The consciousness of our real self is largely beyond the understanding of our more familiar 'personality self'.
At its most fundamental level, the real will is divine; and at this level the purpose of the real will mixes perfectly with the purposes of other divine beings.
The real will is the manifesting of this already-harmonised divine purpose throughout the lower levels of creation, and eventually right down to the physical level.
Thus our real self witnesses itself as it becomes more fully mature and at the same time helps to perfect the purposes of others. The real self has this power in it as a part of our divine heritage.
All nature responds to the proper command of the real will of the real self. But the will does not command 'willfully' - it achieves command by being more fully what it is. Thus the 'sound' of the quality of its individual being mingles more loudly with the creative sound of God.
What we usually call 'will' is actually more like 'desire power' and 'idea power', through which our lower self focuses on things it feels it wants or needs.
But what we feel as a need in the deepest sense is not something we can 'make a decision about', we just pretend that it is a decision. Our real will has already-decided, and is something we can only be either true-to, or untrue-to: the real will is not something we are in a position to use.
Edited - for clarity, punctuation, emphasis and language - from the Summary of chapter sixteen - The Will; from A Geography of Consciousness, by William Arkle, 1974.
Notes:
1. The true individual nature of each person is divine - that is, it belongs to the nature and function of the absolute - as a consequence of all men and women being God's children.
2. Therefore, we are, each of us, directly in touch with the power and purpose of the absolute, with the divine nature - at least potentially; simply because some of the divine nature is within us.
3. However, although the divine is active within us; we are initially (personally and culturally - in childhood and in early tribal societies) unconscious of the divine within ourselves. It affects us - but we are not aware of the fact.

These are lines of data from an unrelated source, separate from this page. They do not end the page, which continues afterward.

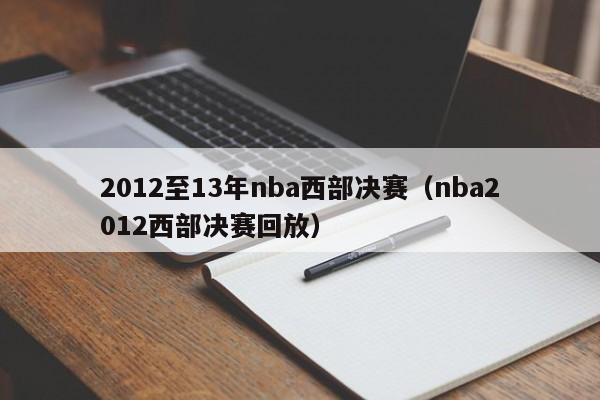 2012至13年nba西部决赛（nba2012西部决赛回放）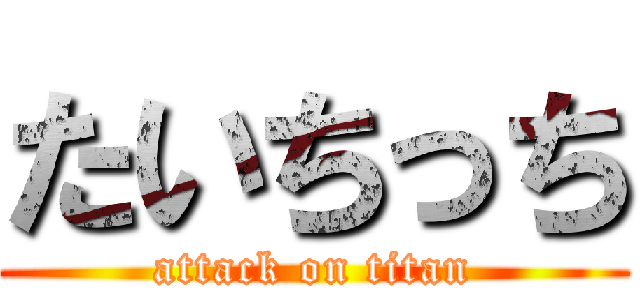 たいちっち (attack on titan)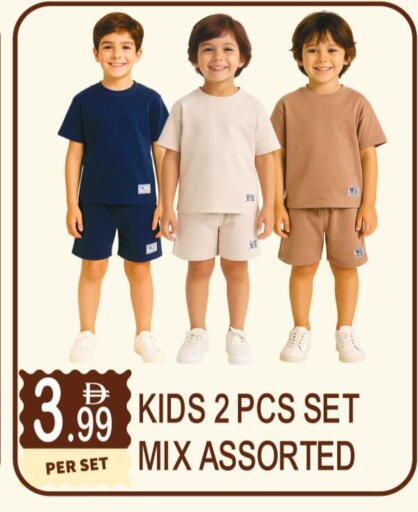 available at دريم لاند in الإمارات العربية المتحدة , الامارات - دبي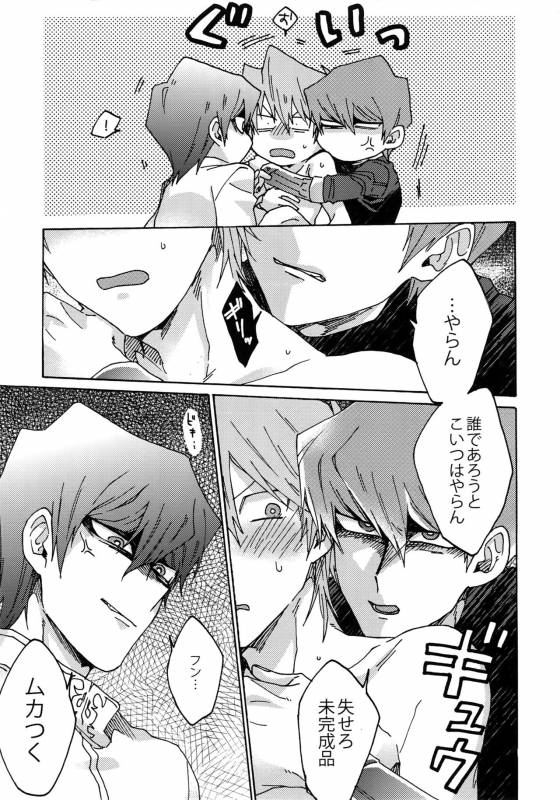 (SUPERKansai22) [Sukidarake (Fukuzawa Yukine)] Dimension Sex Pyramid (Yu-Gi-Oh!)_33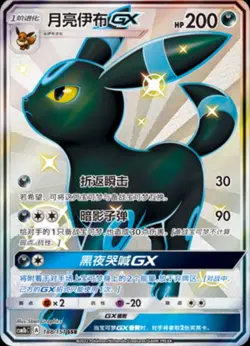 Pokemon S-Chinese Sun&Moon CSM1bC-188 SSR Shiny Umbreon GX Full Art Holo NM - Image 2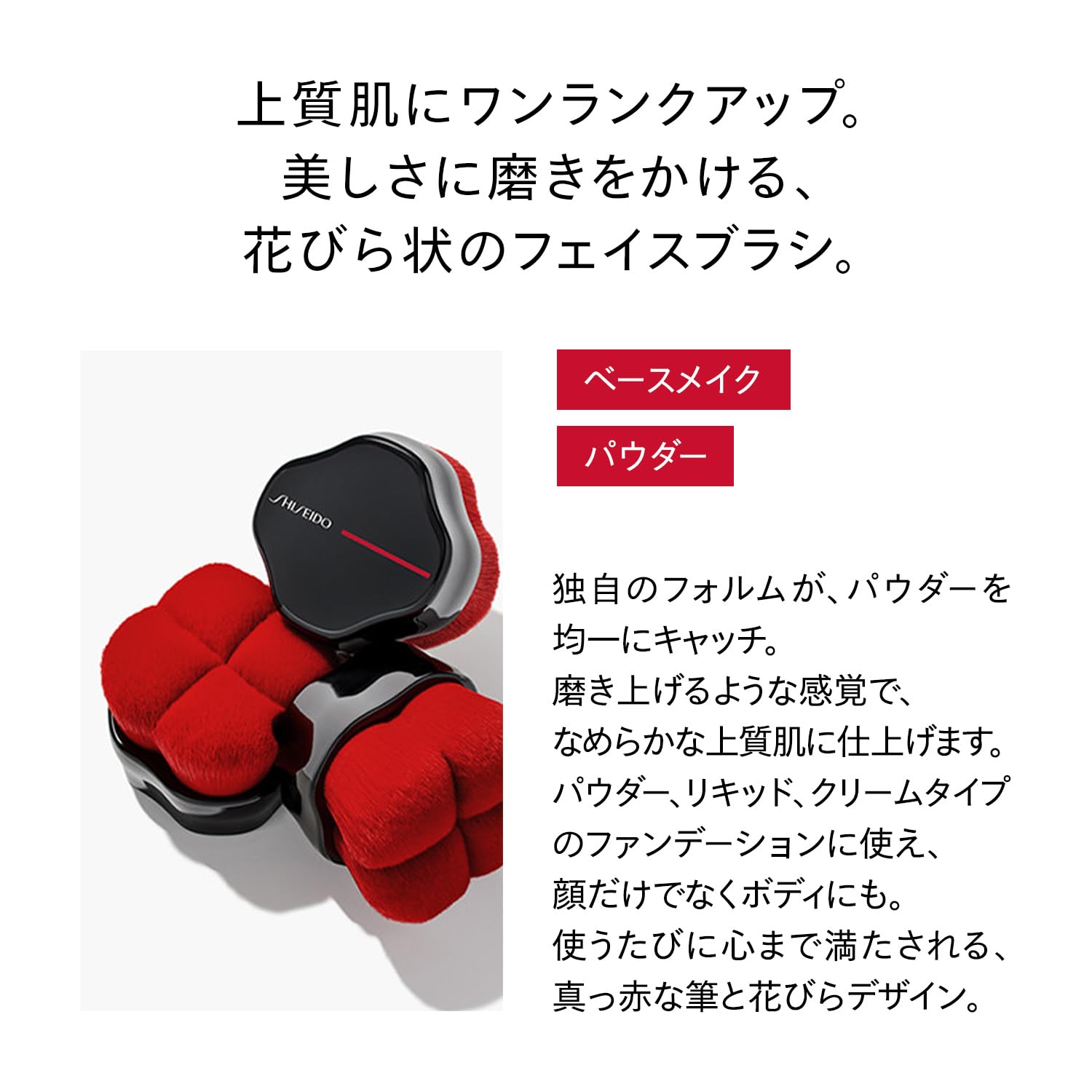 Amazon.co.jp: SHISEIDO メーキャップ HANATSUBAKI HAKE ポリッシング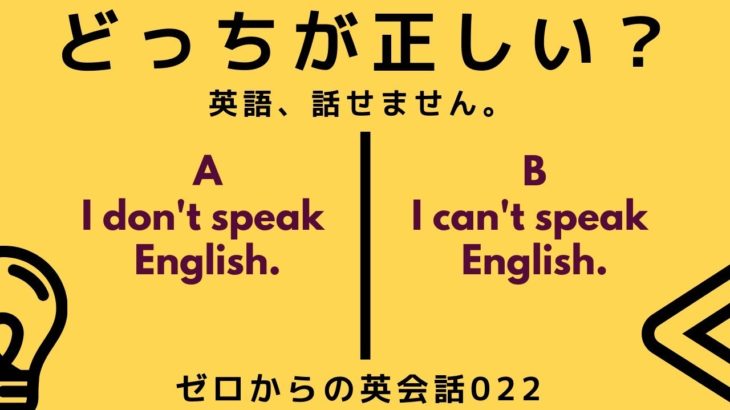 どっちが正しい英語？ゼロからの英会話-ZE022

4. As human consciousness evolves towards higher (ie. including more self-aware) levels - we get to a 'dead centre' of total self-consciousness cut off fro awareness of the divine. This state has been called the 'dead centre' of consciousness, or the consciousness soul - it is the adolescence of human personal and cultural evolution - a necessary transition phase. This position must be moved-through before we can become actively aware of the divine within us; that is the actual experience of the divine within us (not merely the abstract fact of their being a divine element in us).

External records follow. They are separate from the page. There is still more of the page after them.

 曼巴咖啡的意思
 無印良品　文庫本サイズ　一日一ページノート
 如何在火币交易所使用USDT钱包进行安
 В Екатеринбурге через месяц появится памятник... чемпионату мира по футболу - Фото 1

5. But, even before we are actively aware of the divine within-us; it may be at work in an unconscious way - expressing itself (or at least trying to express itself) as may be evident implicitly. For example, our behaviours may be shaped against our conscious will - our superficial and intellectually- or socially-moulded plans and schemes may be self-sabotaged; or synchronicities may channel us in certain directions.

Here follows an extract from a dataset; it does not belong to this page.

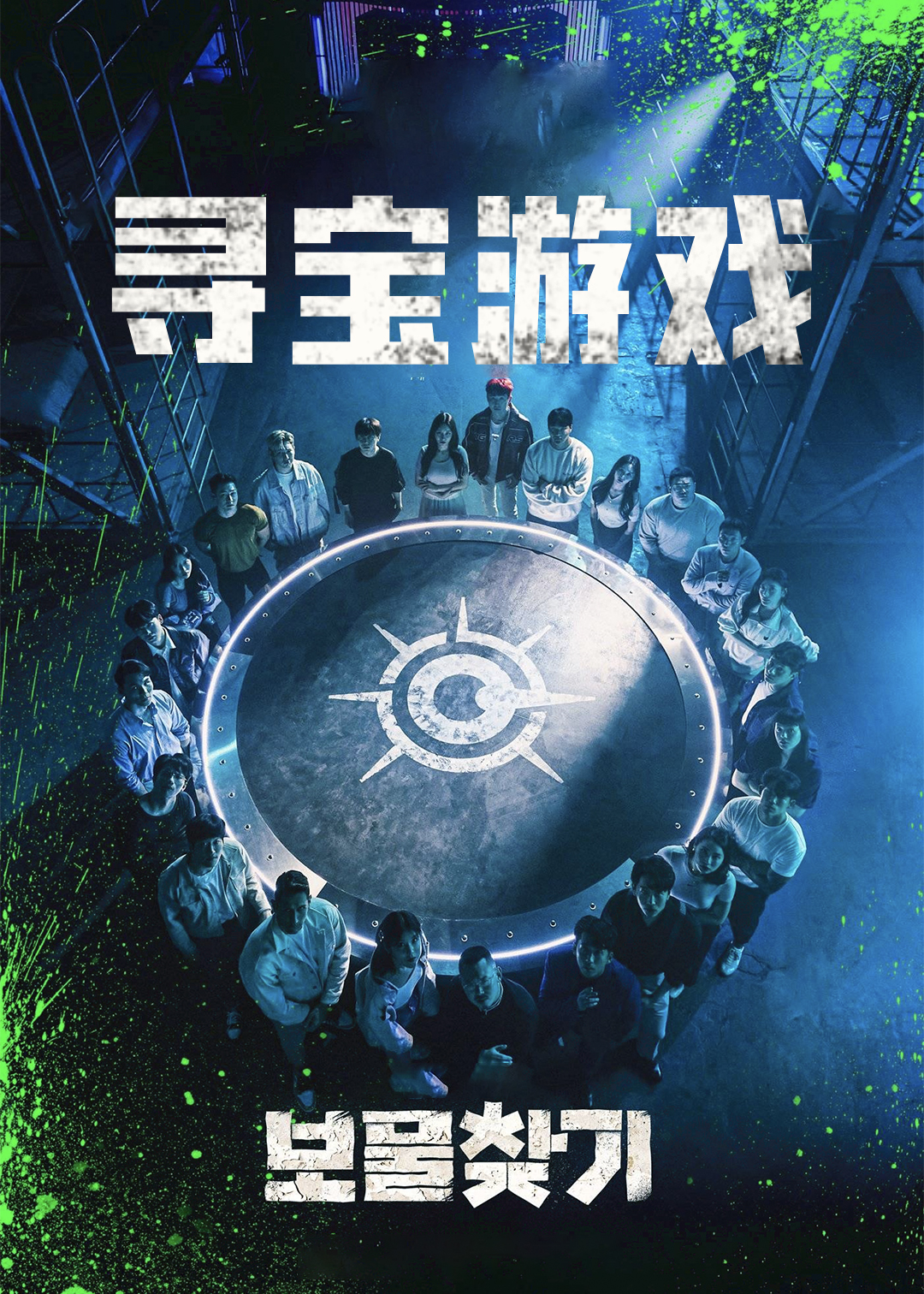寻宝游戏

6. The real self - that is, the divine self, is attuned-with the divine level of action. Each person is, in this way, an essential part of the divine plan of creation. However, to participate; he or she must freely opt-in to this plan, on the basis of love and awareness of the divine plan (made possible by the incarnation, death and resurrection of Jesus Christ).
7. At the highest and deepest level our Life is a destiny - and indeed an unique destiny - yet that destiny is a gift, and as-such it may be declined.
8. At the deepest and highest level the true 'will' of our true self is not chosen by us - because only at this divine level - in which the wills of many beings are harmonised.
9. Thus, because of this high-level harmonisation; the will of any one individual cannot 'sabotage' the divine plan of creation by any act or will at a lower level of consciousness. Each individual can either join in the work of creation, bringing his or her unique nature to the open-ended task; or he or she may decline to participate - leaving a gap in the original divine plan, and causing a change in the unfolding of creation.
10. The divine plan cannot be sabotaged in its character and aim (the specific plan is optional, non-mandatory, freely chosen); but it can be changed in its specifics (the plan is not a blueprint but evolutionary, pluralist, endlessly creative).